Quando um grupo de pessoas chega ao ponto de privar-se da comida por mais de três semanas, o risco de perderem a vida em defesa dos direitos pelos quais jejuam, torna-se iminente. Esse risco foi assumido por 5 brasileiros e duas brasileiras que se mantiveram em greve de fome.

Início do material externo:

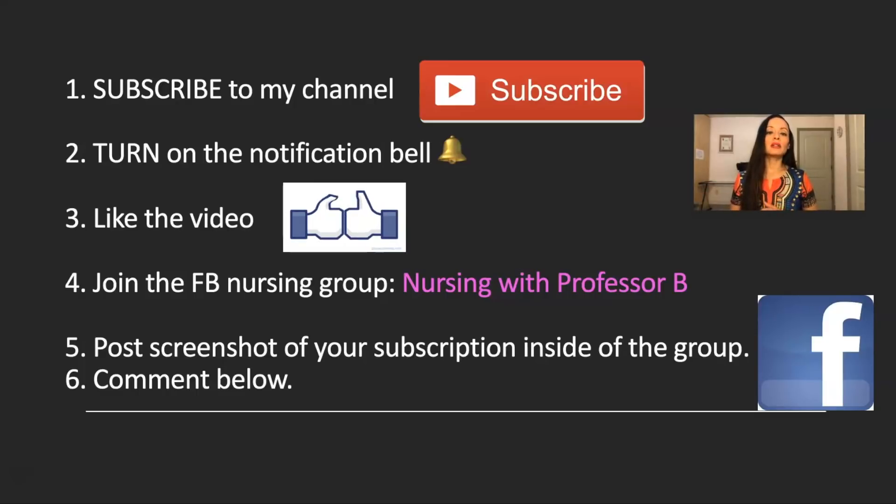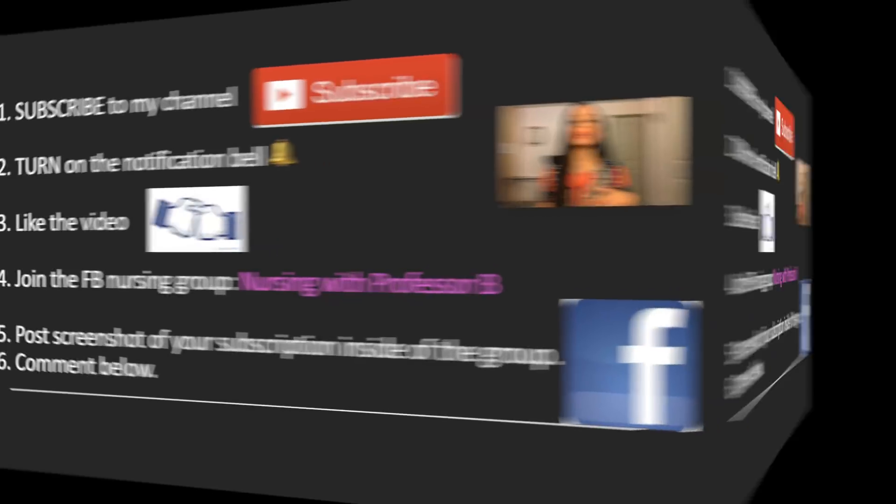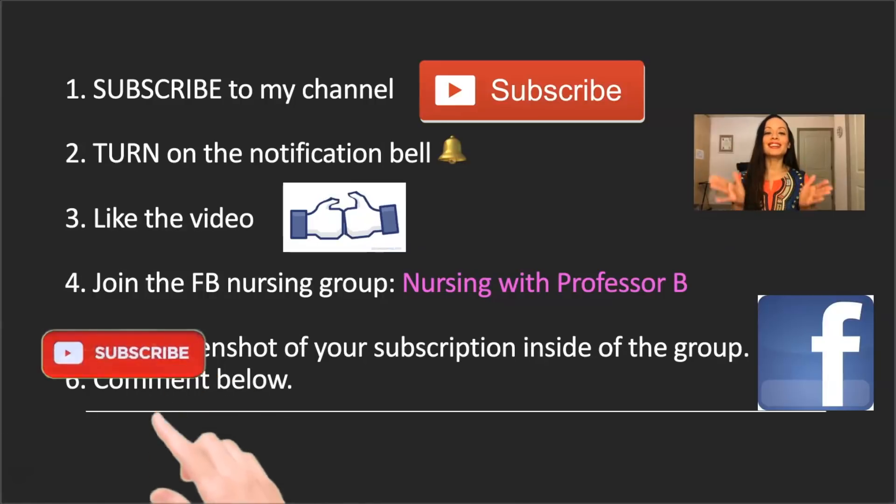So last month, Elle won because she followed all these steps. Thank you so much for watching. You guys have a great day.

Frei Sergio Goergen e Rafaela Alves, do Movimento dos Pequenos Agricultores (MPA); Luiz Gonzaga, o Gegê, da Central dos Movimentos Populares (CMP); Jaime Amorim, Zonália Santos e Vilmar Pacífico, todos integrantes do Movimento dos Trabalhadores Rurais Sem Terra (MST); e Leonardo Soares, militante do Levante Popular da Juventude, alguns chegaram a perder mais de 10 nos dias da greve sem se alimentar, conforme algumas notícias circulando pela internet. E por mais estranho que pareça, o seu protesto pleiteava fosse respeitado o mais elementar direito de as/os eleitoras/es de todo o país saberem se, afinal de contas, o Supremo Tribunal Federal vai, ou não, julgar o que tiver de julgar, das ações que ali tramitam, sobre se Lula deve ou não ser posto em liberdade antes das eleições de outubro.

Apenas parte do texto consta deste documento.